How free are women today? Centuries ago women could be tortured for speaking out, but continued news of honor killings and violence against women in every culture has me questioning whether women are any safer today than they were centuries ago. In the past, images of delicate swooning young women were considered ideal, but how robust and active could an individual be with a compressed rib cage, gasping for breath? Today, there is no longer a need for girls to be excessively corseted, when they are willing to carve out their own bodies through surgery or self-imposed starvation. What does it mean that the struggle for control of women’s bodies now comes from both the outside and within? Reports of women facing extreme danger while simply trying to provide for their families has led me to consider my own relative safety as a woman and a mother. How can I reconcile feelings of privilege and vulnerability?These questions are often the subject of my work.
I am a classically trained artist working with traditional materials on visual essays drawn from these topical news items. I received my Bachelor of Fine Arts degree at the University of California, followed by graduate study at S.A.C.I. in Florence, Italy.
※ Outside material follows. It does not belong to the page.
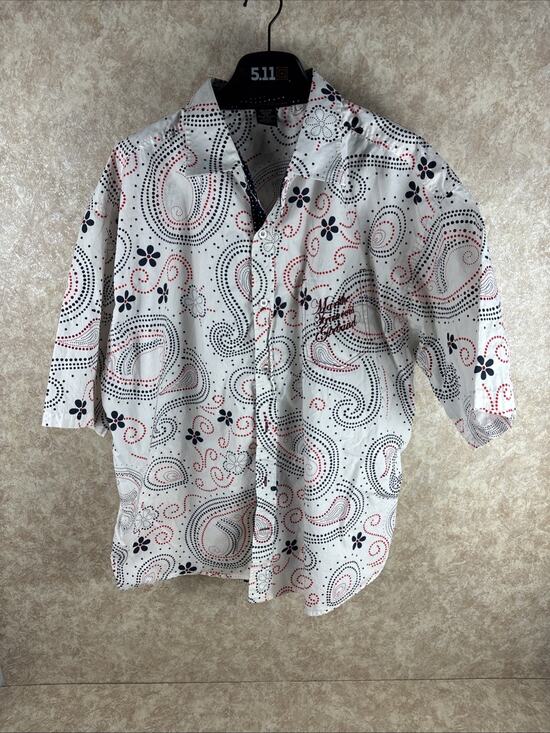 Girbaud Other - Le Jean De Marithe Francois Girbaud Men’s Shirt Size 4XL Short Sleeve
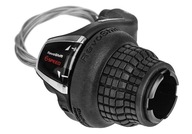 SHIMANO REVOSHIFT SL-RS35 RADIACA PÁKA PRAVÁ 6-RÝCH. ČIERNA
My interest in visual essays was developed at the School of Visual Arts in New York where I received my Master of Fine Arts degree and was the recipient of the Paula Rhodes Memorial Award for excellence in art in 1990. In the past 20 years I have worked as an art director, commercial artist, and fine artist. In recent years I have been fortunate to be able to devote my time exclusively to fine art and have the opportunity to explore subject matter that is deeply personal, and at times stunningly painful. My drawings are an attempt to change the realm in which violence and intolerance are viewed—from often private stories to something for all of us to look at publicly. My current work consists of editorial images focusing on the effects of social constraints, physical abuse, social injustice, and intolerance on women of varying cultures.
As an artist, I love the flexibility and delicacy of graphite and charcoal as I work on these images. The drawings subtlety invite intimacy while the stories themselves can be disturbing. These visual essays are an attempt to recreate for the observer my own experience of dismay over the continued vulnerability of women in the 21st century. These series reflect my own struggle to understand what is senseless, while hoping to raise awareness for the viewer, through the use of sequential images, visual storytelling, and first person testimony.